Since 1983, Daisaku Ikeda has published an annual peace proposal in which he surveys core global challenges and proposes steps to address them. These have explored a wide variety of issues—from peacebuilding and nuclear disarmament to sustainable development, education for global citizenship and youth empowerment to human rights and gender inequality. Central to Ikeda’s perspective here is the importance of the United Nations and how it can be strengthened to effectively nurture peace and social justice.
In A Forum for Peace: Daisaku Ikeda’s Proposals to the UN, Olivier Urbain brings together excerpts from the proposals up to 2013. These are usefully arranged by theme and organized into chapters, each of which looks at an aspect of the general mandate of the UN.
Chapter 1, “A UN Living Up to Its Mission,” for example, includes the theme “A Parliament of Humanity,” exploring Ikeda’s ideas regarding the role and mission of the UN. Other themes examine his thoughts on such issues as enhancing the participation of civil society and structural reforms to bolster the UN’s capacity for peacebuilding.

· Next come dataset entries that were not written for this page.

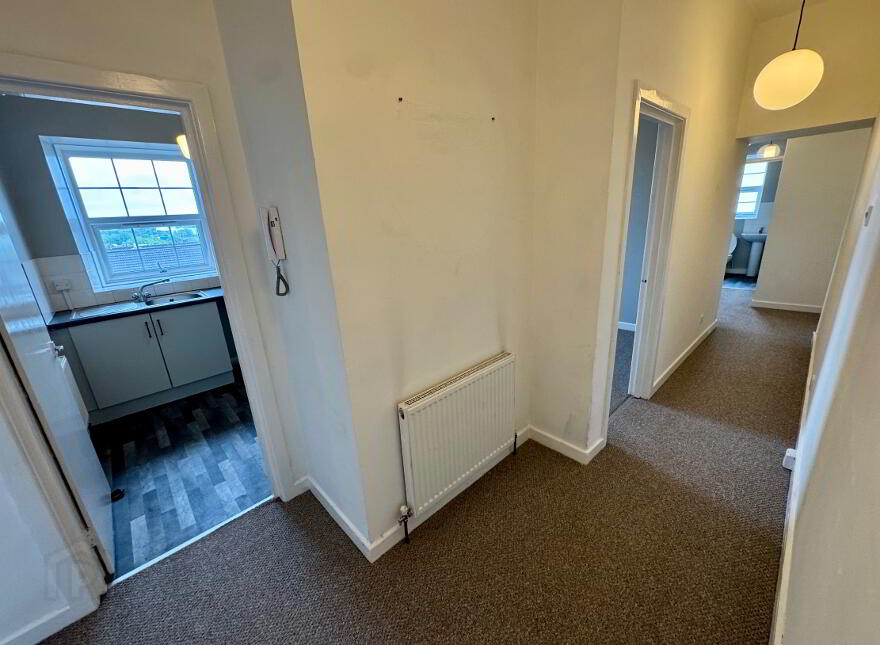 Apt 6 Invermore House, Ilse Court, Mill Road, Larne, BT40 39S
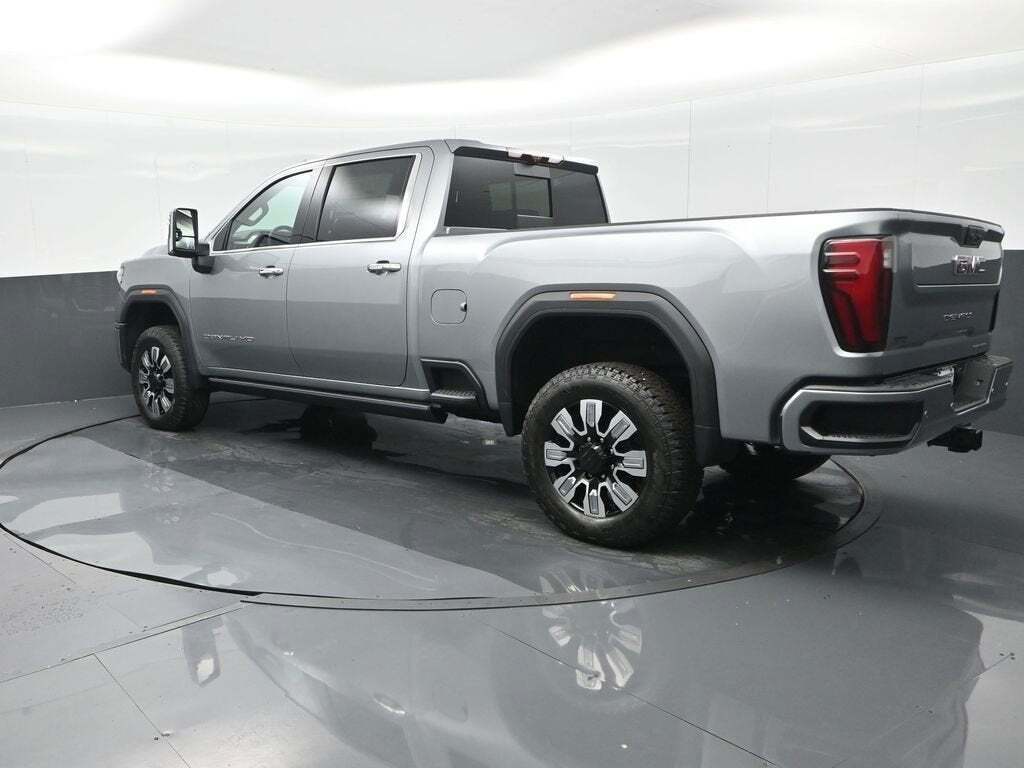 2025 GMC Sierra 2500HD Denali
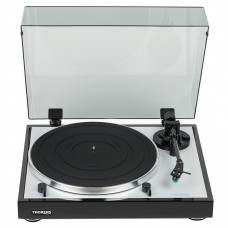 Проигрыватель виниловых дисков Thorens TD-402 DD Black High Gloss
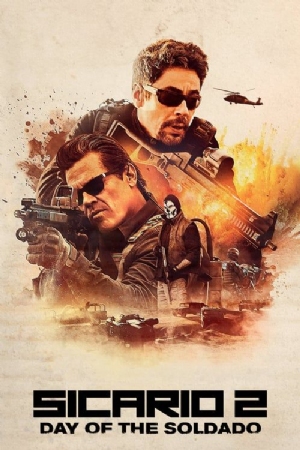 Sicario: Day of the Soldado(2018) Movies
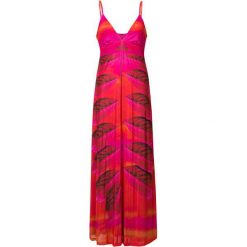Desigual Sukienka damska Vest Marcela Rosa Primula 19SWVK26 3063 (rozmiar S). Spódnice damskie Desigual, s, bez wzorów, bez kołnierzyka, bez ramiączek. W wyprzedaży za 210.00 zł.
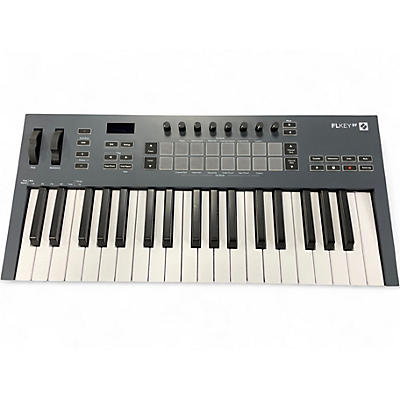 Used Novation FLKEY 37 MIDI Controller
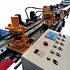 packing machine for stud and track
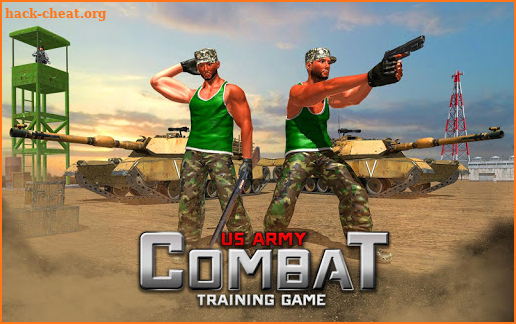 US Army Combat Training: Military Obstacle Course screenshot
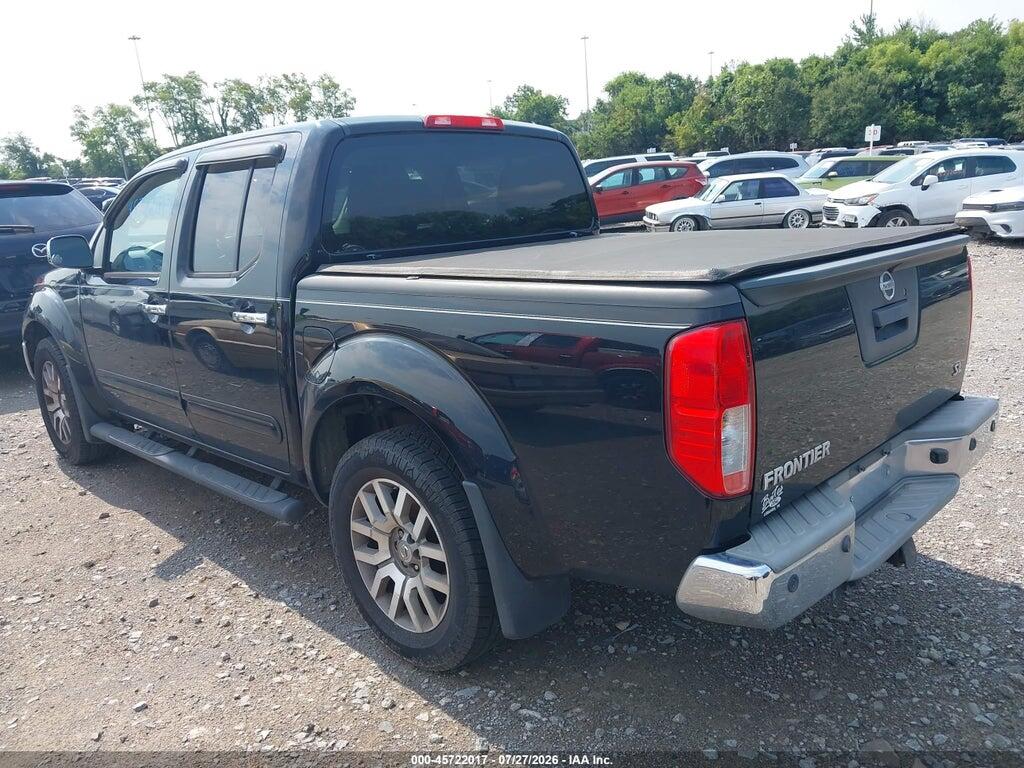 1N6AD0ER3DN723783 2013 NISSAN FRONTIER photo no. 3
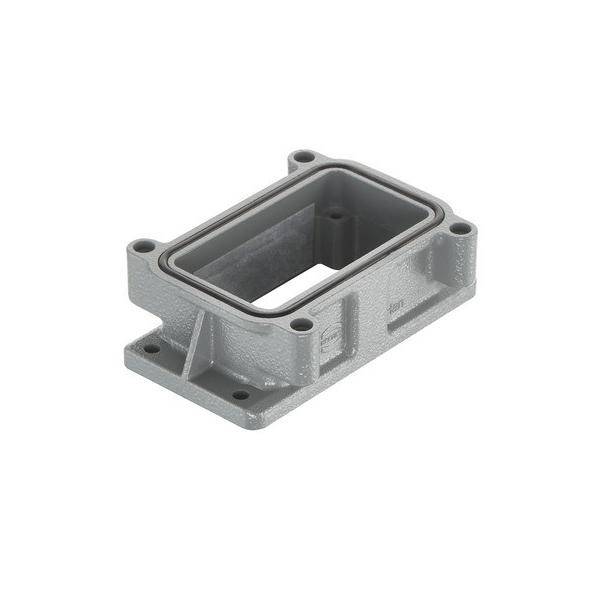 Harting Anbaugehäuse Baugröße: 10B 09390100310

The second chapter explores themes such as poverty and human development, human rights and a culture of peace. Themes in Chapter 3, “A UN for a World Without War,” are related to various aspects of disarmament and weapons control. Also included in the volume are the full texts of three separate proposals specifically exploring UN reform, Education for Sustainable Development and Nuclear Weapons Abolition, respectively.
It is the structure of the content that makes this book especially valuable. Ikeda’s Peace Proposals can be considered a vital and unique component of his vast output. The organization of the material here, very clearly laid out in the table of contents, enables one to quickly identify and examine over a hundred themes and ideas from his proposals. This alone makes the work an essential resource for anyone interested in Ikeda as a peacebuilder. This substantial volume likewise helps to outline the magnitude of Ikeda’s contributions to peacebuilding—the extent to which he has grappled with the structural as well as philosophical problems of peace.

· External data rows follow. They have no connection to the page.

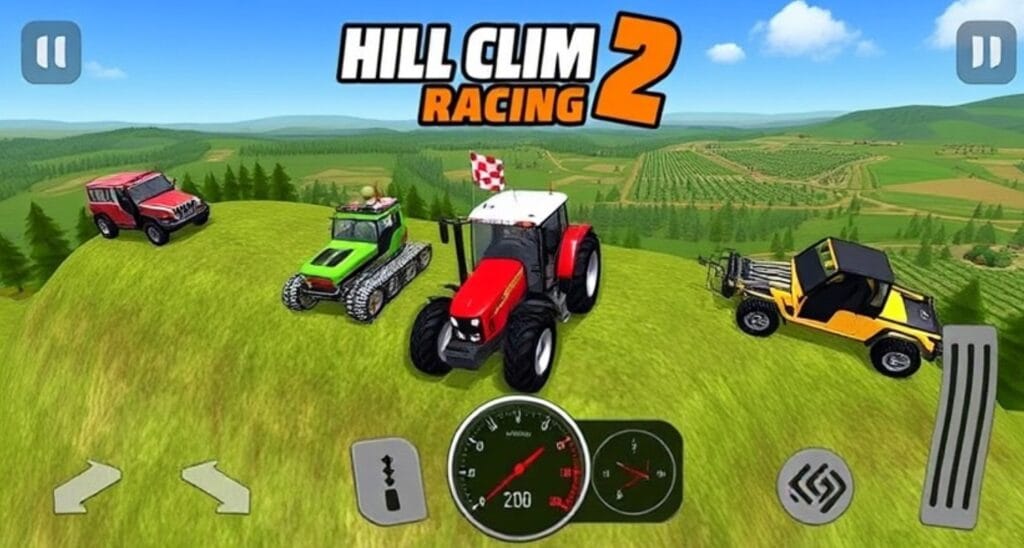 Hill Climb Racing 2 Mod APK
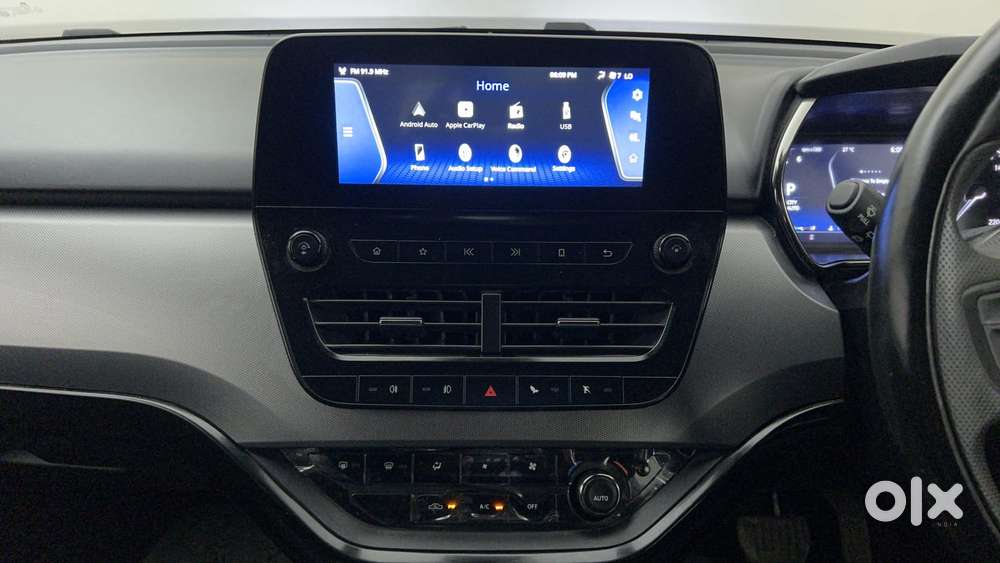 Tata Harrier Xza Plus Dark Edition, 2021, Diesel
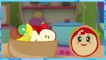 Cartoni animati per bambini - Giochi per bambini: Margherita e la frutta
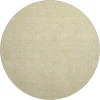 Dalyn The Reserve Gold TR12 8ft. x 8ft. Rug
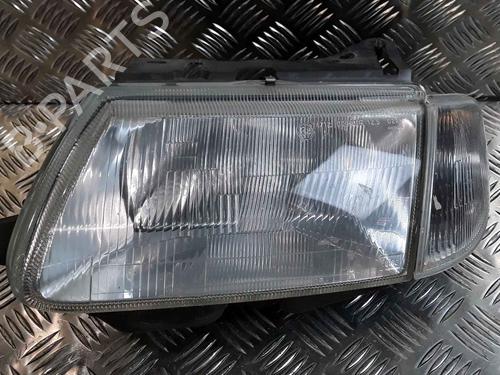 Used Left headlight CITROËN SAXO (S0, S1) 1.0 X (50 hp) 25181695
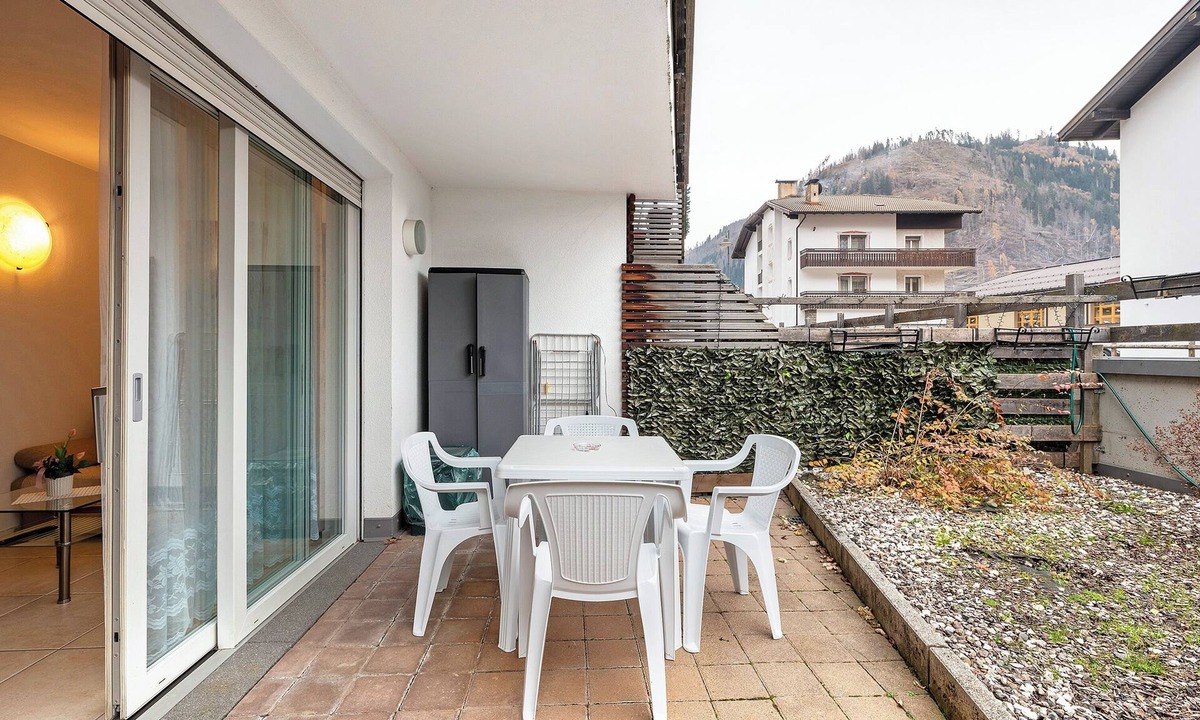 Predazzo Apartment | Apartment 'Night and Day 4' with Mountain View, Balcony and Wi-Fi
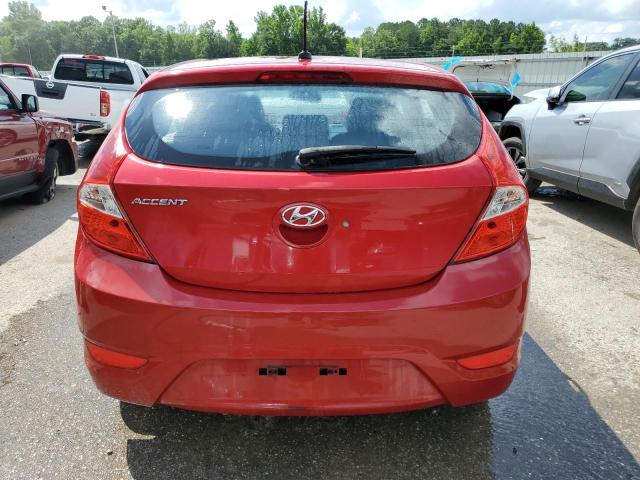 KMHCT5AE2FU231202 Hyundai ACCENT GS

This is echoed in the foreword by Ambassador Anwarul K. Chowdhury, Under-Secretary-General and High Representative of the UN between 2002 and 2007, who writes, with respect to Ikeda’s engagement with the UN, “I know of no one who has highlighted the role and responsibility of the world body so consistently, relentlessly and substantively for such a long period of time. Some UN functionaries and scholars have addressed similar issues, but none for as long and consistently as he has done.” A Forum for Peace substantiates such a claim.

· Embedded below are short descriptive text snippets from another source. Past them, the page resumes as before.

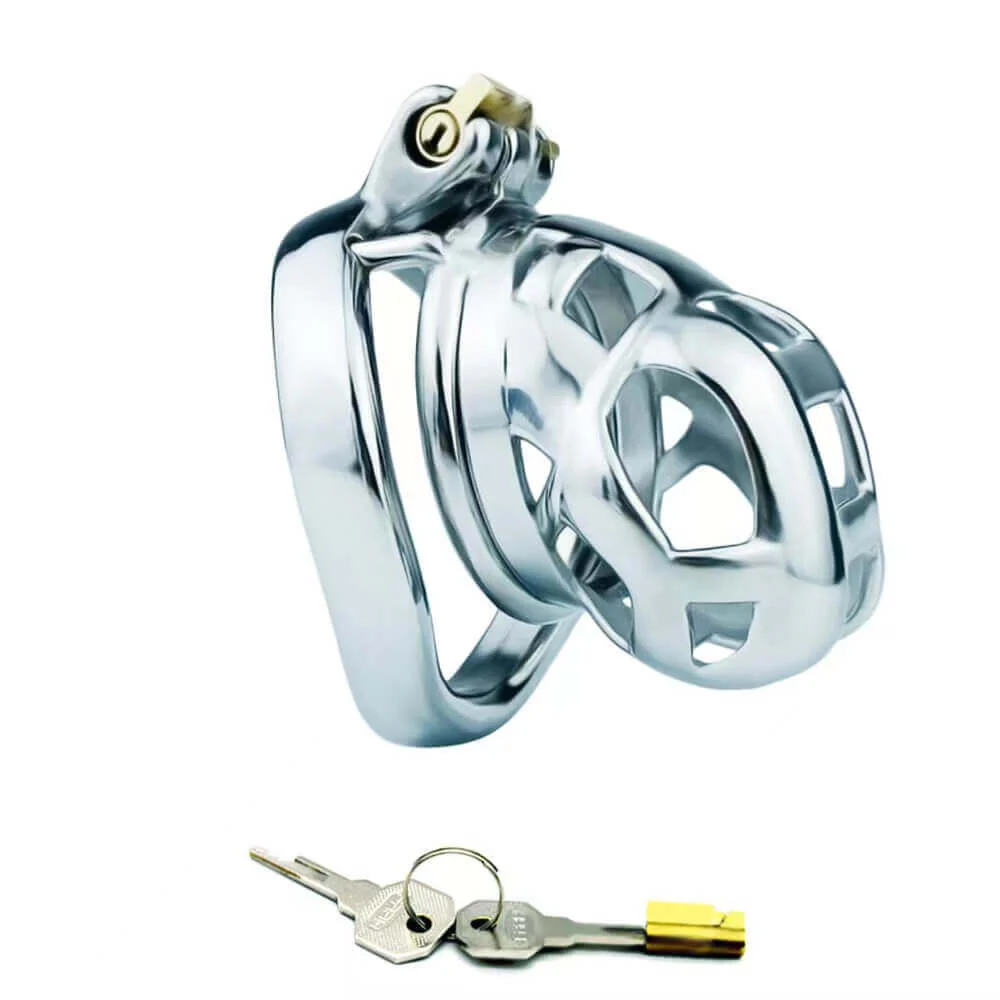 Upgrade Tight Mamba Chastity Cage - Image 6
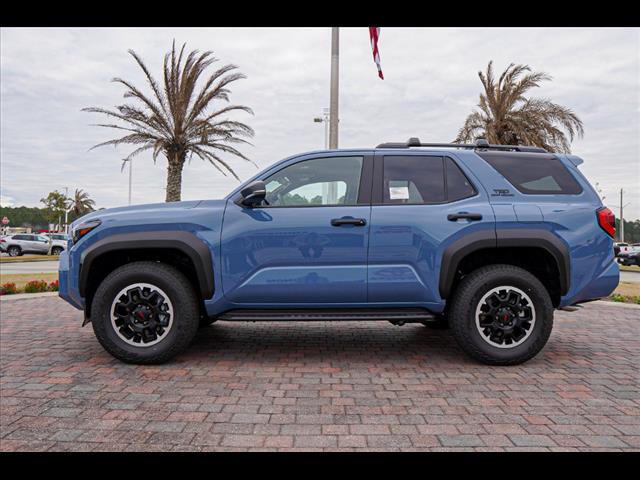 2025 Toyota 4Runner TRD Off-Road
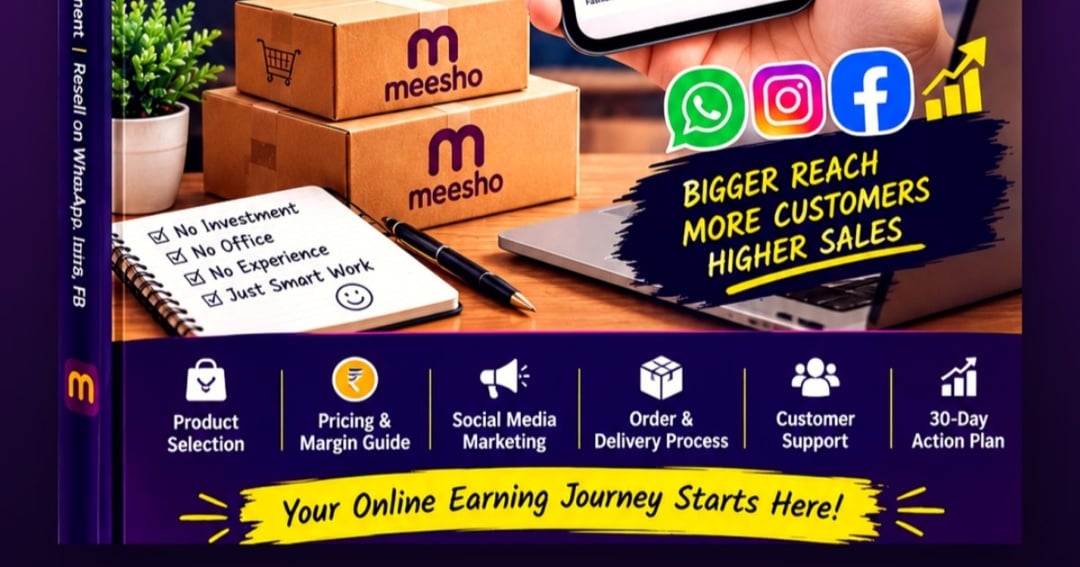 MEESHO PRODUCTS RESELLING, image 4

Olivier Urbain, editor of this book, was director of the Toda Institute for Global Policy Research from 2008 to 2017. Presently he is director of the Min-On Music Research Institute. He is the author of Daisaku Ikeda’s Philosophy of Peace: Dialogue, Transformation and Global Citizenship (2010), and the editor of Music and Conflict transformation: Harmonies and Dissonances in Geopolitics (2008) and of Daisaku Ikeda and Dialogue for Peace (2013).